[StreamsbIE] Add extractor for streamsb.com (viewsb.com) (#31517)
authorfonkap <fonk666@gmail.com>
Sat, 11 Feb 2023 02:54:45 +0000 (03:54 +0100)
committerdirkf <fieldhouse@gmx.net>
Mon, 13 Feb 2023 03:54:51 +0000 (03:54 +0000)
* Add extractor for streamsb.com (viewsb.com)

* make data url using app.js version

---------

Co-authored-by: dirkf <fieldhouse@gmx.net>
youtube_dl/extractor/extractors.py
youtube_dl/extractor/streamsb.py [new file with mode: 0644]
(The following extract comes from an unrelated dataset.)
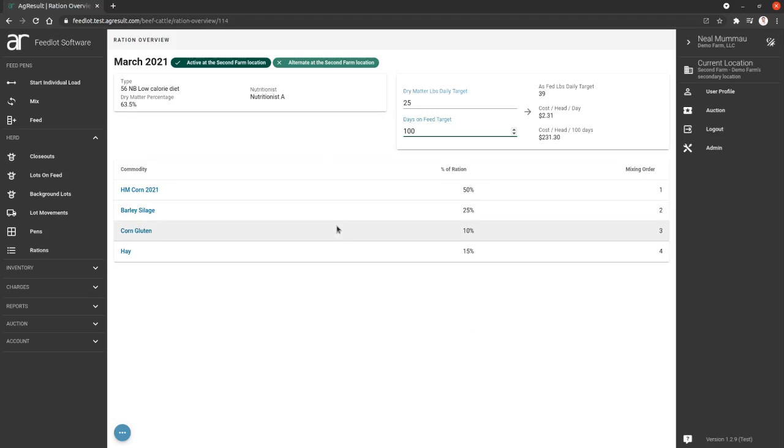And then the bottom here, the meat of it, is the commodities that you previously entered and how much of each of them make up this ration.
index d8428f46fb70bb49cfb049eb4b93f6b15a7c65ea..3a87f9e3380346853d4e44833c0f2fcb9026cc15 100644 (file)
@@ -1206,6 +1206,7 @@ from .storyfire import (
 from .streamable import StreamableIE
 from .streamcloud import StreamcloudIE
 from .streamcz import StreamCZIE
+from .streamsb import StreamsbIE
 from .streetvoice import StreetVoiceIE
 from .stretchinternet import StretchInternetIE
 from .stv import STVPlayerIE
diff --git a/youtube_dl/extractor/streamsb.py b/youtube_dl/extractor/streamsb.py
new file mode 100644 (file)
index 0000000..bffcb3d
--- /dev/null
@@ -0,0 +1,61 @@
+# coding: utf-8
+from __future__ import unicode_literals
+
+import binascii
+import random
+import re
+import string
+
+from .common import InfoExtractor
+from ..utils import urljoin, url_basename
+
+
+def to_ascii_hex(str1):
+    return binascii.hexlify(str1.encode('utf-8')).decode('ascii')
+
+
+def generate_random_string(length):
+    return ''.join(random.choice(string.ascii_letters + string.digits) for _ in range(length))
+
+
+class StreamsbIE(InfoExtractor):
+    _DOMAINS = ('viewsb.com', )
+    _VALID_URL = r'https://(?P<domain>%s)/(?P<id>.+)' % '|'.join(_DOMAINS)
+    _TEST = {
+        'url': 'https://viewsb.com/dxfvlu4qanjx',
+        'md5': '488d111a63415369bf90ea83adc8a325',
+        'info_dict': {
+            'id': 'dxfvlu4qanjx',
+            'ext': 'mp4',
+            'title': 'Sintel'
+        }
+    }
+
+    def _real_extract(self, url):
+        domain, video_id = re.match(self._VALID_URL, url).group('domain', 'id')
+        webpage = self._download_webpage(url, video_id)
+
+        iframe_rel_url = self._search_regex(r'''(?i)<iframe\b[^>]+\bsrc\s*=\s*('|")(?P<path>/.*\.html)\1''', webpage, 'iframe', group='path')
+        iframe_url = urljoin('https://' + domain, iframe_rel_url)
+
+        iframe_data = self._download_webpage(iframe_url, video_id)
+        app_version = self._search_regex(r'''<script\b[^>]+\bsrc\s*=\s*["|'].*/app\.min\.(\d+)\.js''', iframe_data, 'app version', fatal=False) or '50'
+
+        video_code = url_basename(iframe_url).rsplit('.')[0]
+
+        length = 12
+        req = '||'.join((generate_random_string(length), video_code, generate_random_string(length), 'streamsb'))
+        ereq = 'https://{0}/sources{1}/{2}'.format(domain, app_version, to_ascii_hex(req))
+
+        video_data = self._download_webpage(ereq, video_id, headers={
+            'Referer': iframe_url,
+            'watchsb': 'sbstream',
+        })
+        player_data = self._parse_json(video_data, video_id)
+        title = player_data['stream_data']['title']
+        formats = self._extract_m3u8_formats(player_data['stream_data']['file'], video_id, ext='mp4', entry_protocol='m3u8_native', m3u8_id='hls', fatal=False)
+        return {
+            'id': video_id,
+            'formats': formats,
+            'title': title,
+        }